**What is being asked:**
Only the lines from the start of the data below through the line that contains "Chloé almond toe" are to be copied, exactly and without pictures.

== Source material

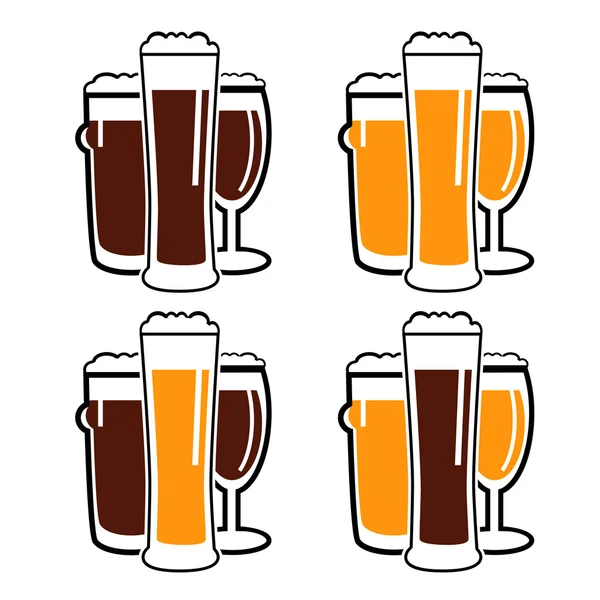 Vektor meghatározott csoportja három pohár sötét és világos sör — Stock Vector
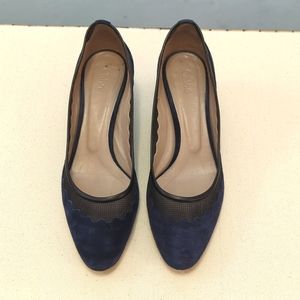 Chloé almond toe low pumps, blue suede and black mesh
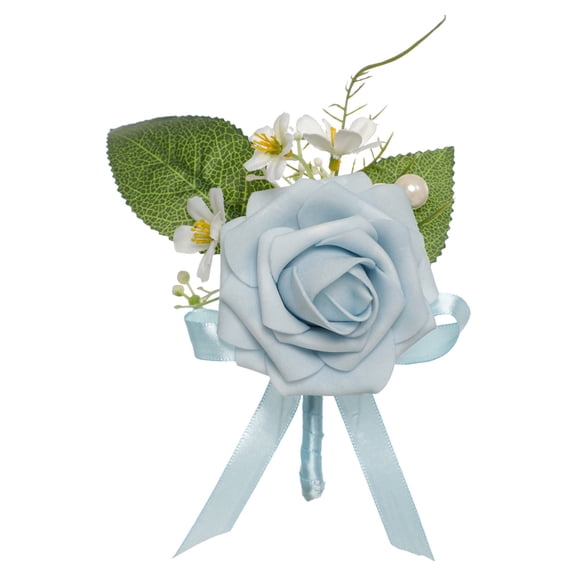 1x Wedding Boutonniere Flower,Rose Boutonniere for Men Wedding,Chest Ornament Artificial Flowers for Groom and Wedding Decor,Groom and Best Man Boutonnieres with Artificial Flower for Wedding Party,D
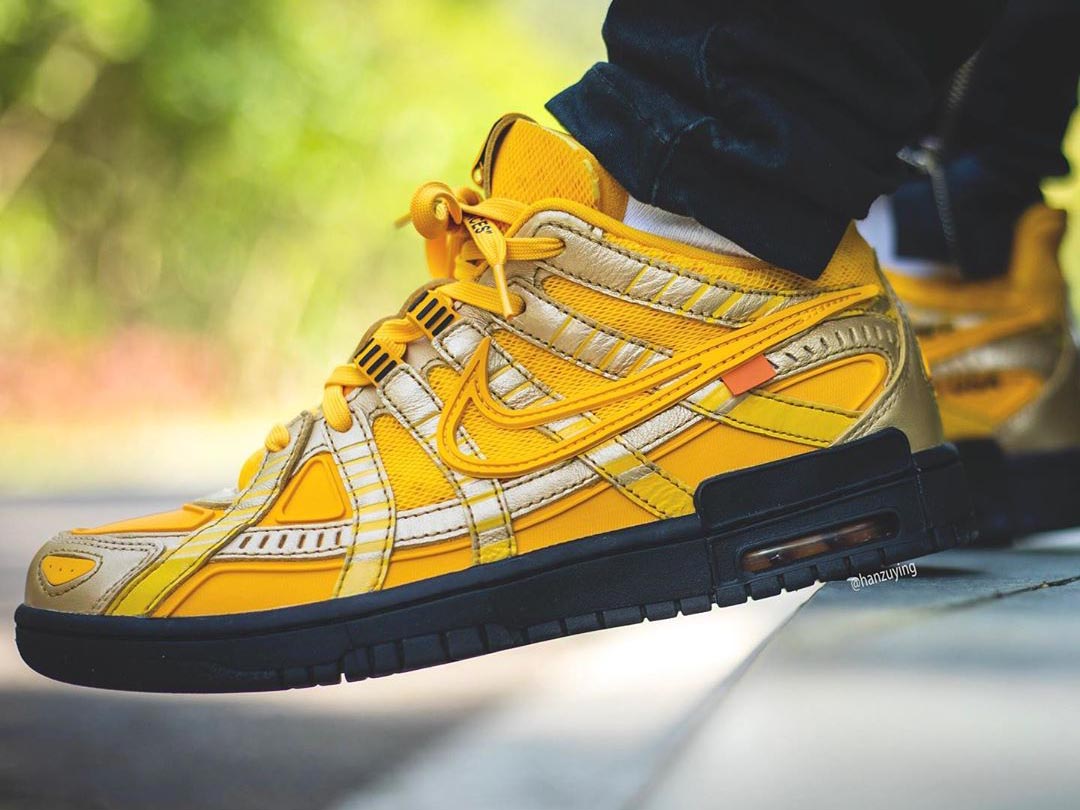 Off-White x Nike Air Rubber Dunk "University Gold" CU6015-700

====

**Output of the exercise:**
 Vektor meghatározott csoportja három pohár sötét és világos sör — Stock Vector
 Chloé almond toe low pumps, blue suede and black mesh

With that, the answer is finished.